Article 5 out of 2276

Care home insolvencies rise by 83% in a year

Article By: Michaela Chirgwin

The number of care homes going bust in 2017-2018 rose by 83 per cent.


The period 2016-2017 saw 81 homes become insolvent, whilst 2017-2018 had 148.

These figures have been attributed to a variety of factors, such as a rise in the National Living Wage and interest rates, plus an increased reliance on agency staff. Lack of local funding has also been blamed. Local government officials have responded by saying "councils can only do so much".

Lee Causer, a partner at Moore Stephens, the accountancy firm behind the figures, says: “Care homes should be benefiting from the demographics of the UK – an ageing population. But they are not. Care homes are not receiving enough local Government funding to sustain the profit margins necessary to run a successful business.”

Local authorities in England and Wales planned to make savings of £824m in their social care budgets in 2017/18, according to the associate directors of adult social services.

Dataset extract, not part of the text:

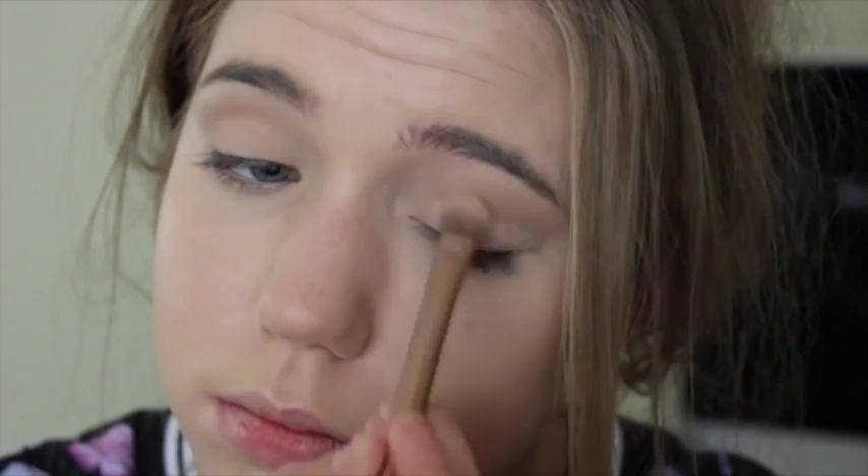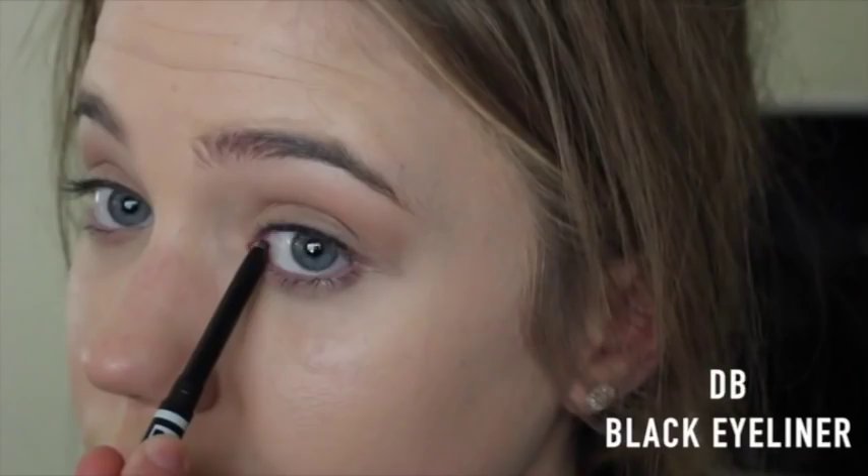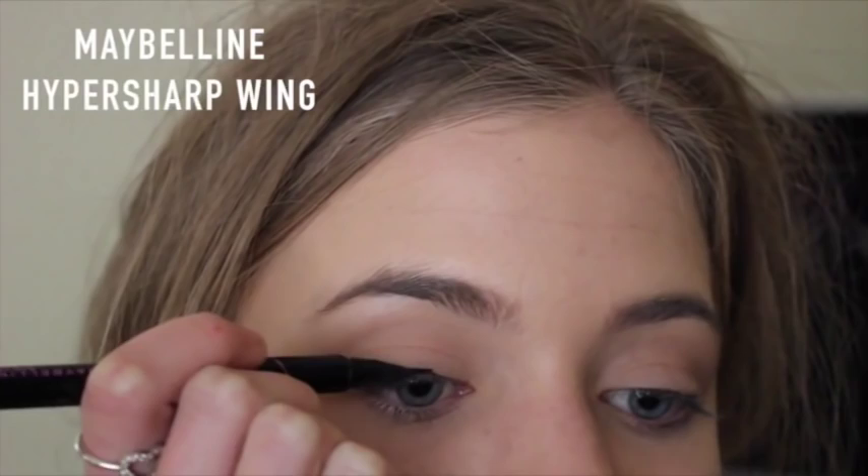Now I'm just tight lining my eyes with a black eyeliner. So to create Gigi's signature cat eye, I'm using the Maybelline Hyper Sharp Wing and using it to wing out my eyeliner. Which, by the way, creating winged eyeliner is super hard.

Cllr Izzi Seccombe, chairman of the Local Government Association’s Community Wellbeing Board, said: “Councils are protecting services that care for older and disabled people and are working extremely hard to ensure that every pound is spent efficiently and effectively.

“But councils can only do so much against a backdrop of chronic underfunding of adult social care, which already accounts for more than a third of councils’ total budgets. We estimate that government funding to councils will have reduced by an estimated £16 billion between 2010 and 2020.”

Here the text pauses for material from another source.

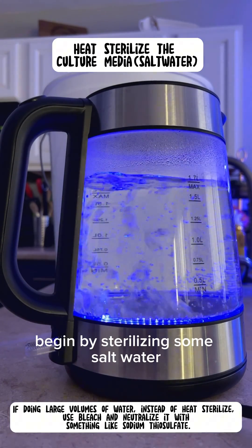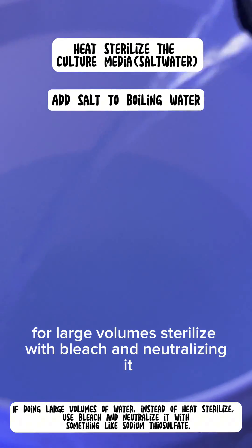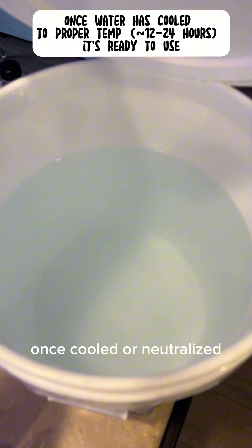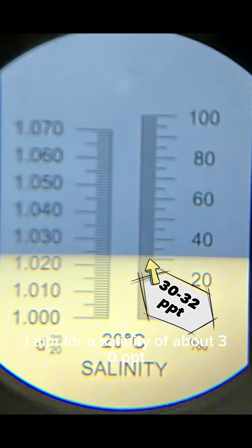Begin by sterilizing some salt water. You can do this with heat, or enlarge your volumes with bleach and then neutralizing it. Once cooled or neutralized, it's ready to use. I aim for a salinity of about 30 ppt.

Moore Stephens state that the cost of providing improved standards of care have also increased in recent years. The National Living Wage has risen again this month, to £7.83 from £6.70 three years ago.

Mr Causer added: “Many companies are finding it difficult to cope with the rising costs associated with the care industry. Without additional income, care homes will not be able to offer the levels of care required whilst remaining solvent.”

A growing number of people in social care are warning the Government that they need to act now on the crisis in social care and stop delaying the promised green paper.

Only last week, a survey by the Care and Support Alliance (CSA) revealed the results of a survey of nearly 4,000 people who need care or look after someone who does. It concluded the current care system was ‘failing and unfit for purpose’. The charity called on the general public to sign an open letter to health and social care minister Jeremy Hunt to finally publish the green paper.

Independent Care Group chair, Mike Padgham, said: “The Government has to act on the crisis in social care – even if it means we have to better fund care through taxation. Otherwise, we are going to see more and more statistics like those issued today.

“It is short-sighted not to support social care. A hospital bed costs far more than a care bed – so investment in social care saves the NHS money.”

The Local Government Association has now added its voice to the criticisms. Cllr Izzi Seccombe said: “Both councils and providers are in clear agreement about the scale of the challenge the system faces, and the need for genuinely new funding.

“Government needs to address immediate pressures impacting on the system today and ensure its Green Paper will deliver reforms to future-proof the long-term sustainability of adult social care.”